Groups of Solr analysis components always run in the following order:

First CharFilter entries are run.
Then the Tokenizer is run.
Then Filter entries are run.

Within each group, individual components run in the order they are
configured, but the filters will always run after charfilters and the
tokenizer.

Thanks,
Shawn



Re: StandardTokenizer and splitting on mixedcase strings

2018-02-23 Thread Rick Leir
Dan,
Lowercase filter before the tokenizer?
Cheers -- Rick

On February 23, 2018 6:08:27 AM EST, "Dan ."  wrote:
>Hi,
>
>The StandardTokenizerFactory splits strings like 'JavaScript' into
>'Java'
>and 'Script', but then searches with 'javascript' do not match the
>document.
>
>Is there a solr way to prevent StandardTokenizer from splitting
>mixedcase
>strings?
>
>Cheers,
>Dan

-- 
Sorry for being brief.
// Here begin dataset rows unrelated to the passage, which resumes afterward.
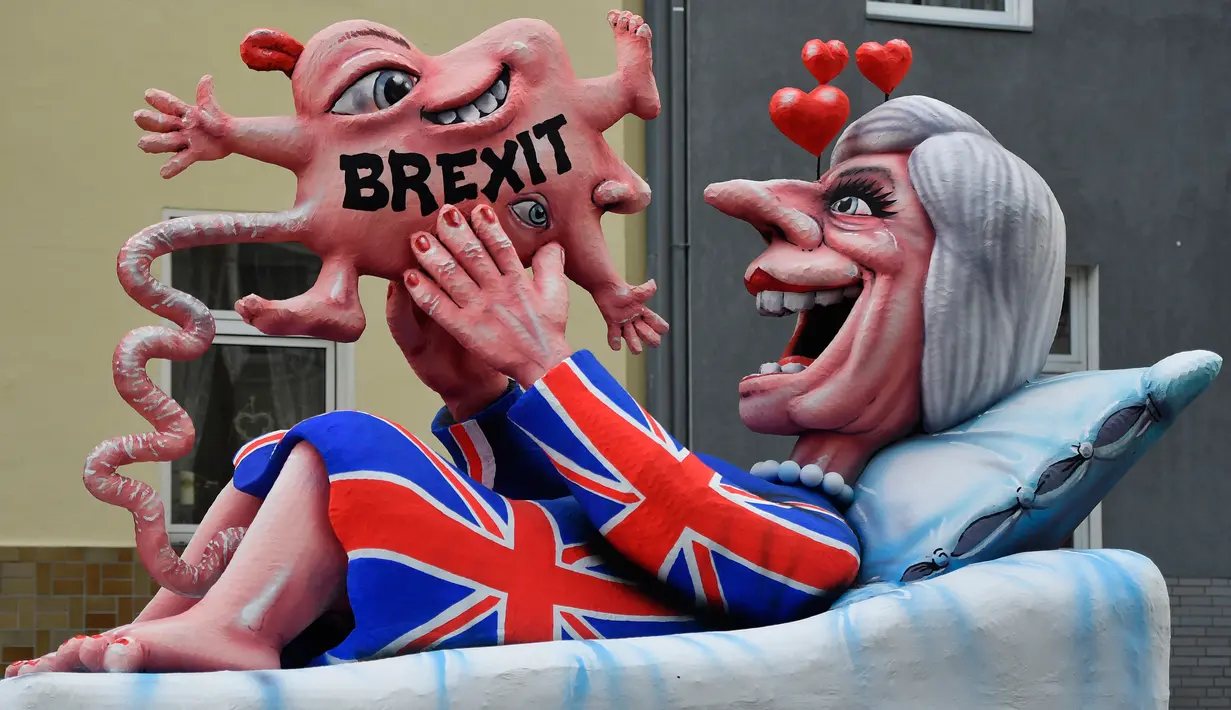 Kereta karnaval membawa karikatur yang menggambarkan Perdana Menteri Inggris, Theresa May melahirkan bayi Brexit-nya dalam parade karnaval Rose Monday di Duesseldorf, Jerman, Senin (12/2). (AP Photo/Martin Meissner)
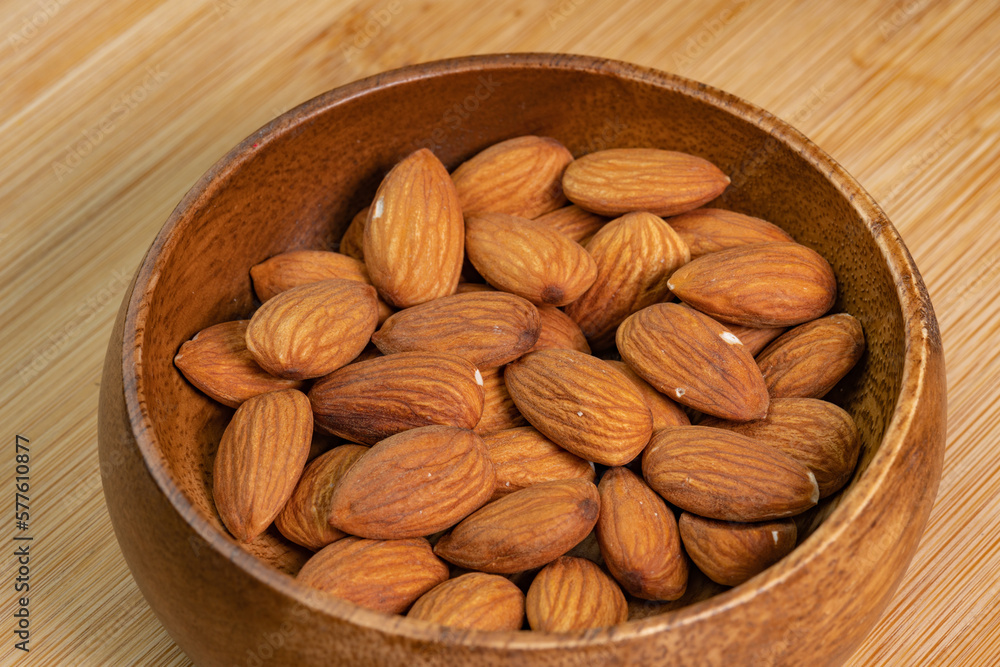 Almond nuts in wooden bowl on wooden background close up. Product rich in minerals and vitamins. Almond kernels. Healthy skin and hair and natural healing oil treatment Almond nuts in wooden bowl on wooden background close up. Product rich in minerals and vitamins. Almond kernels. Healthy skin and hair and natural healing oil treatment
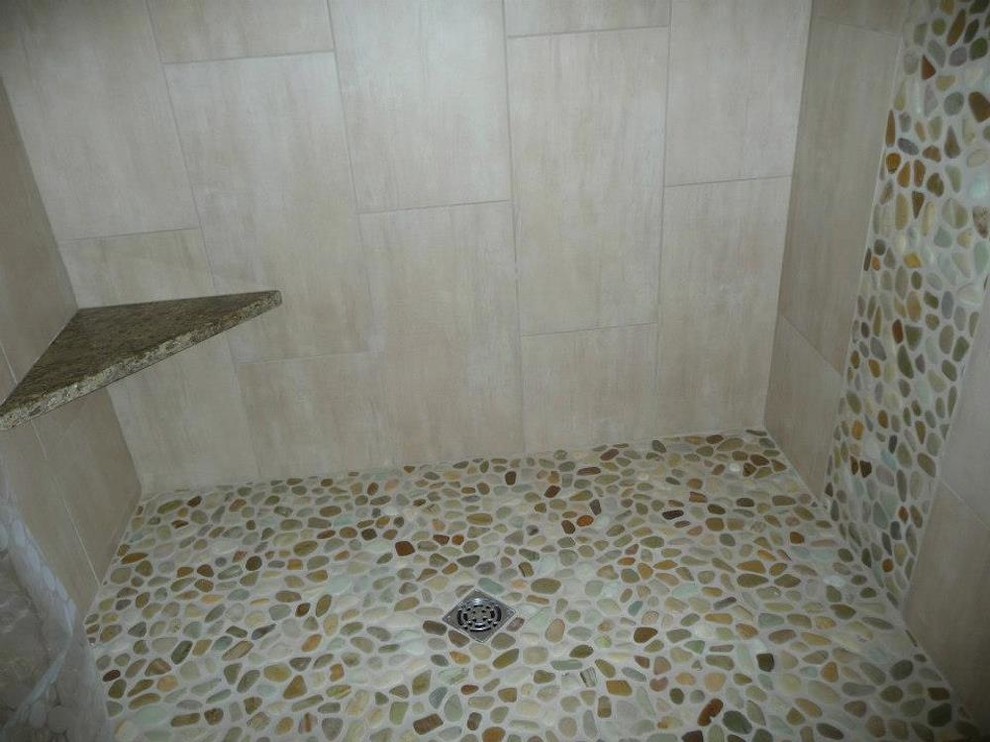 Mid-sized transitional master beige tile and porcelain tile pebble tile floor alcove shower photo in Milwaukee with white walls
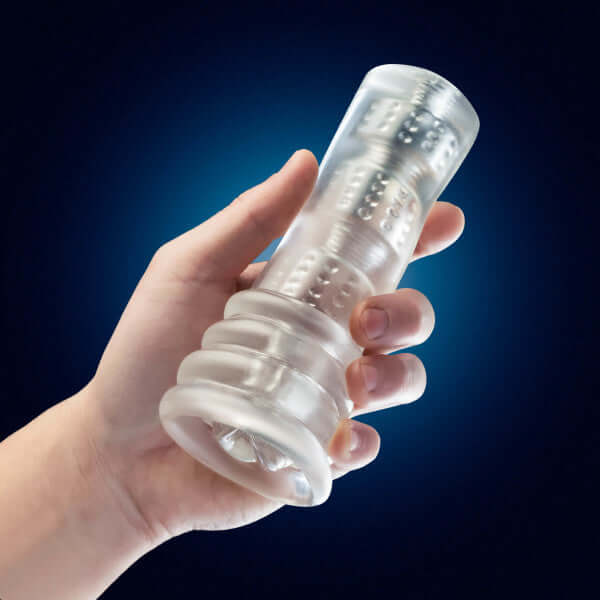Hand holding Rize Luz Glow-In-The-Dark Self-Lubricating Stroker against dark background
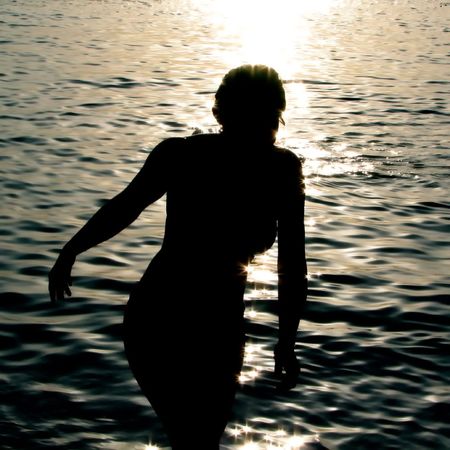 Silhouette of a woman getting out of the ocean with sun setting behind herの写真素材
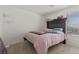 Neutral colored bedroom with a window, carpeted floor, and comfortable looking bed at 6855 Evening Orchid St, North Las Vegas, NV 89086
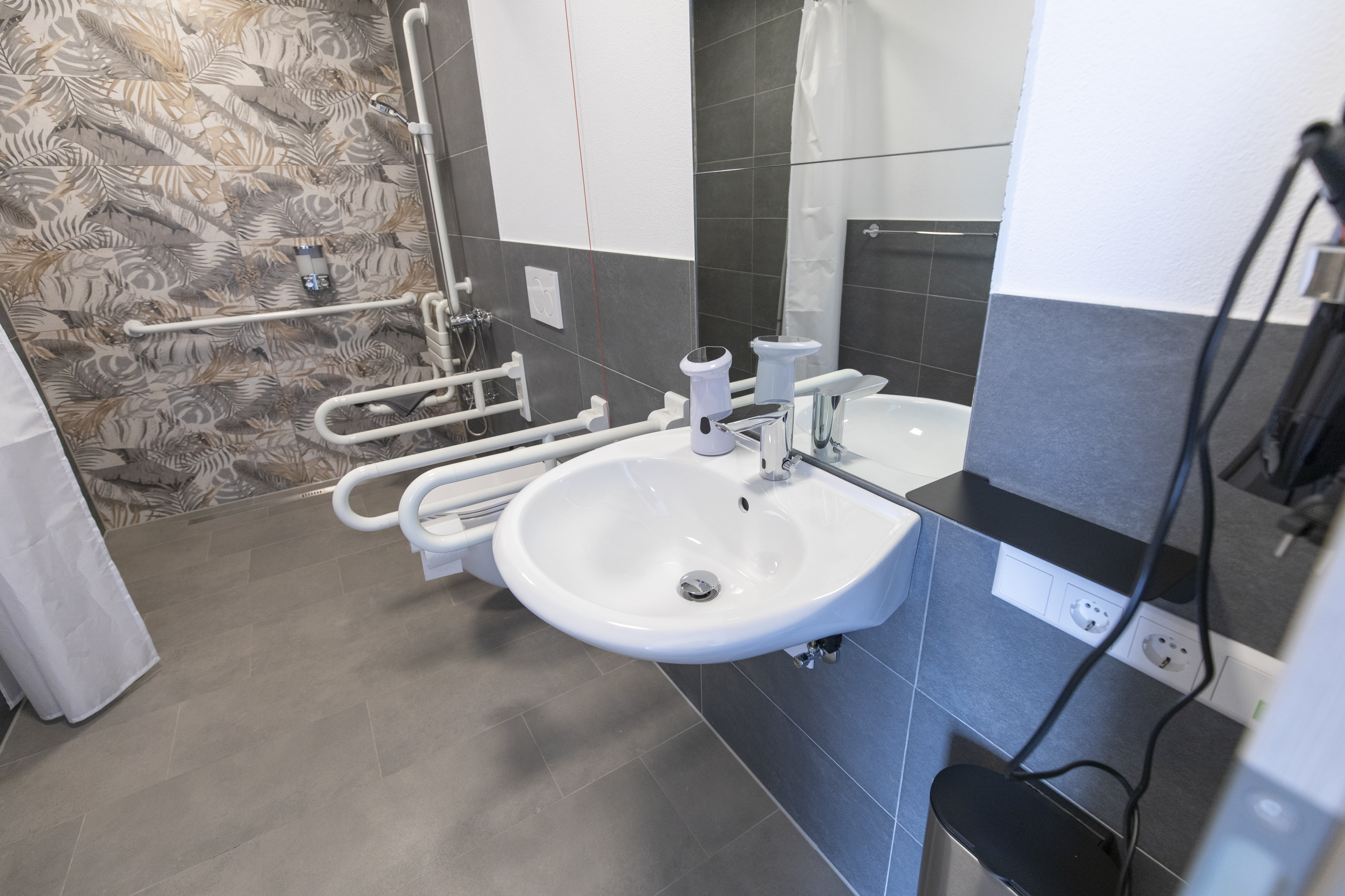 Rollstuhl-Urlaub: Barrierefreies Badezimmer mit Waschbecken, Haltegriffen und großzügiger Dusche. Die moderne Ausstattung ermöglicht eine komfortable Nutzung auch für Gäste mit eingeschränkter Mobilität. - Pension Alter Hirsch - Ferienwohnung Tanne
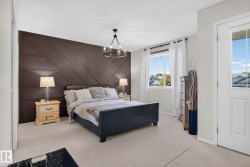 Feature wall with geometric paneling and a modern chandelier - 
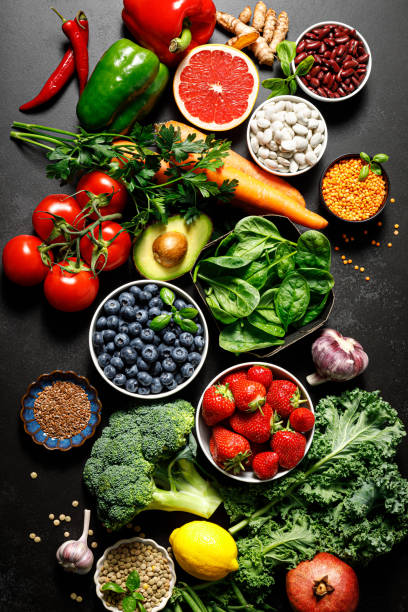 健康食品。健康的な食事の背景。果物、野菜、ベリー。 ベジタリアン食。スーパーフード - スーパーフード ストックフォトと画像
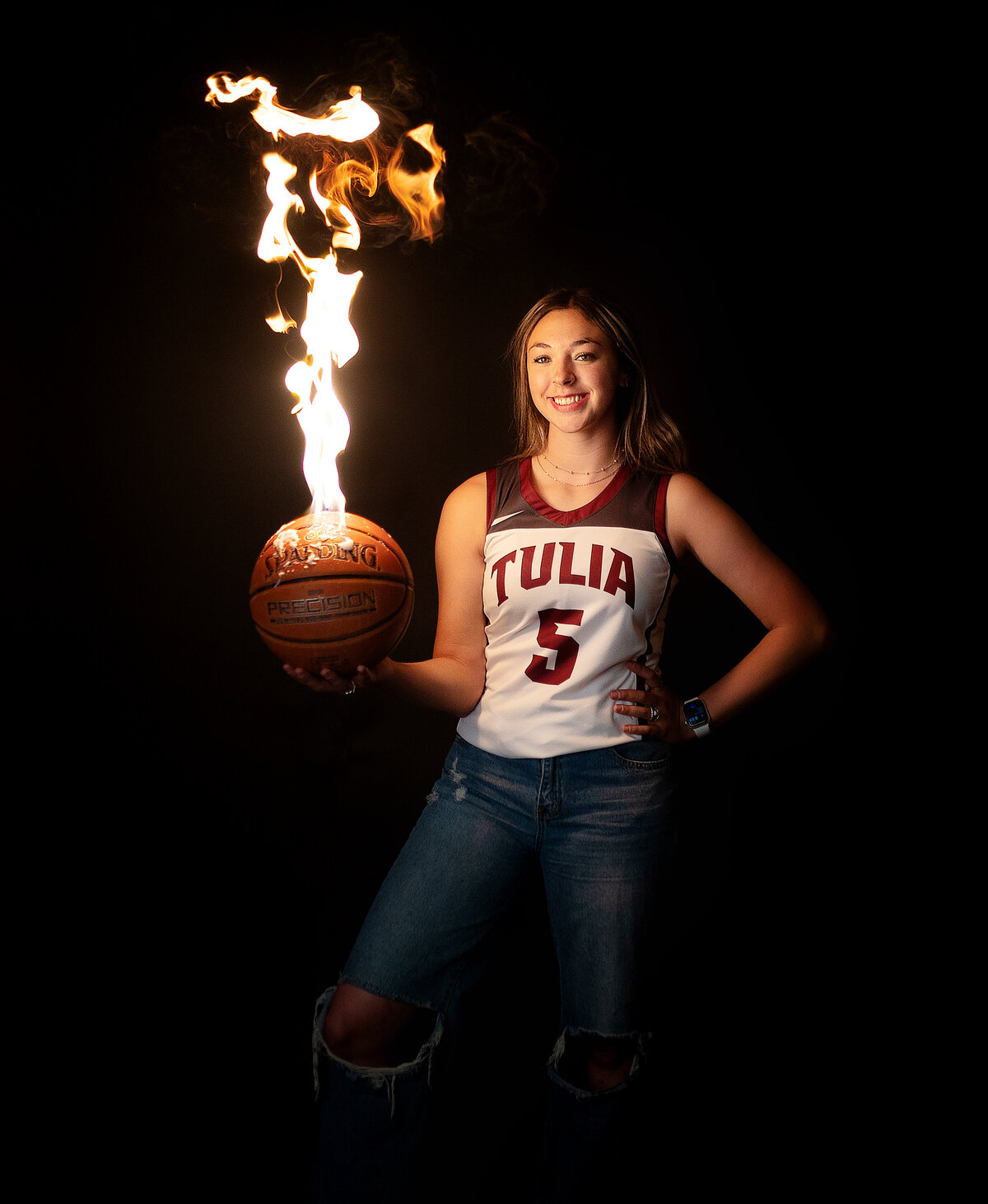 In studio session with high school varsity basketball player while the ball is on fire.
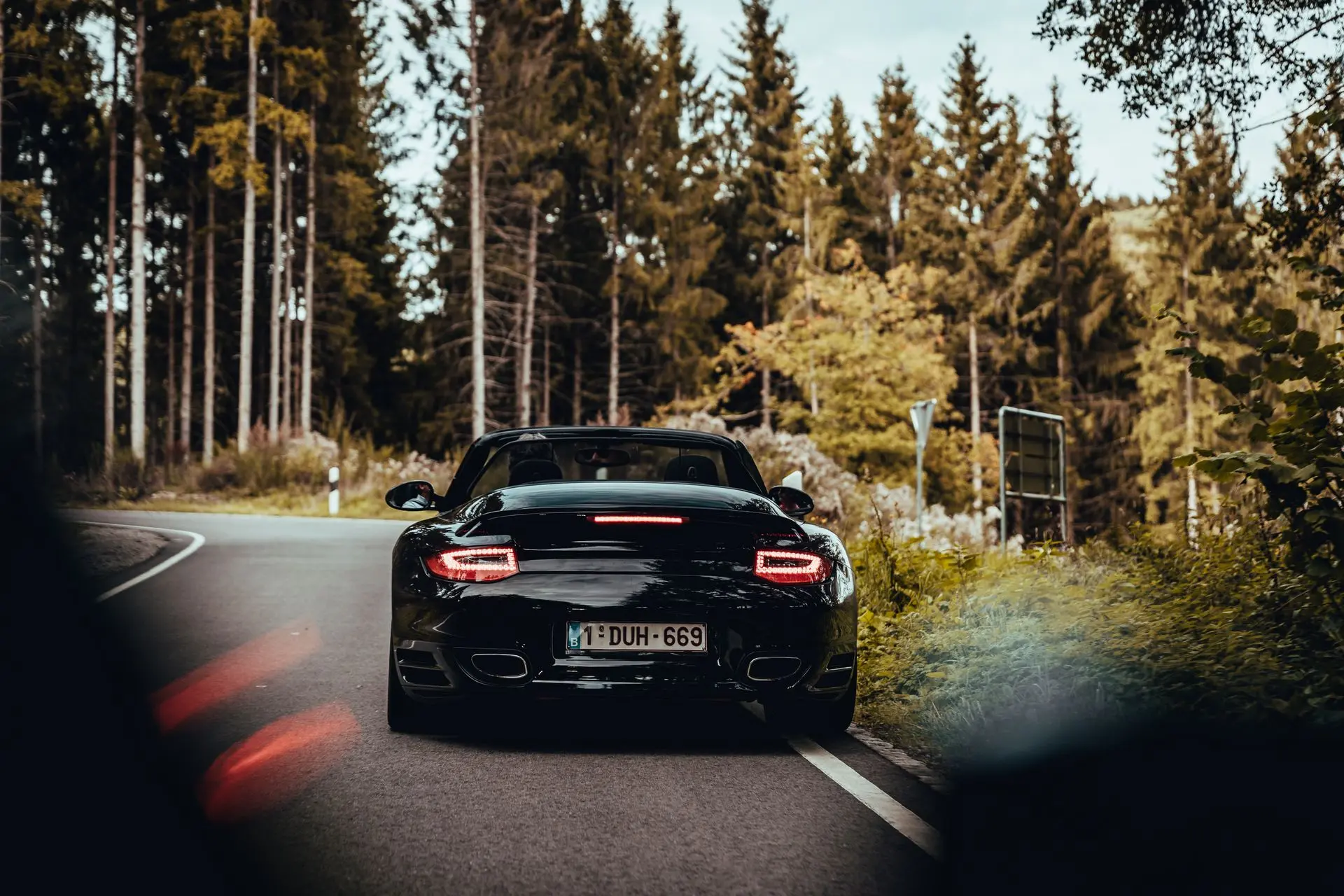 Black Porsche 911 convertible driving through the woods 1DUH669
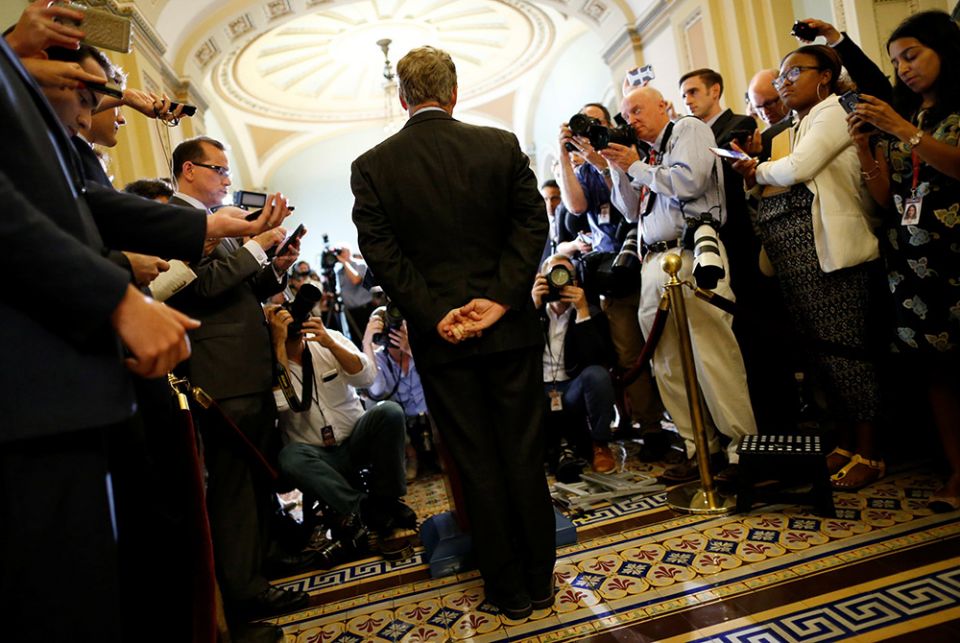 Journalists interview a U.S. senator in this illustration photo. (CNS/Reuters/Jonathan Ernst)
Alternate email is rickleir at yahoo dot com 

Re: StandardTokenizer and splitting on mixedcase strings

2018-02-23 Thread Steve Rowe
Hi Dan,

StandardTokenizerFactory does not do this.

Maybe you have a filter in your analysis chain that does this?  E.g. 
WordDelimiterFilterFactory has this capability.

--
Steve
www.lucidworks.com

> On Feb 23, 2018, at 6:08 AM, Dan .  wrote:
> 
> Hi,
> 
> The StandardTokenizerFactory splits strings like 'JavaScript' into 'Java'
> and 'Script', but then searches with 'javascript' do not match the document.
> 
> Is there a solr way to prevent StandardTokenizer from splitting mixedcase
> strings?
> 
> Cheers,
> Dan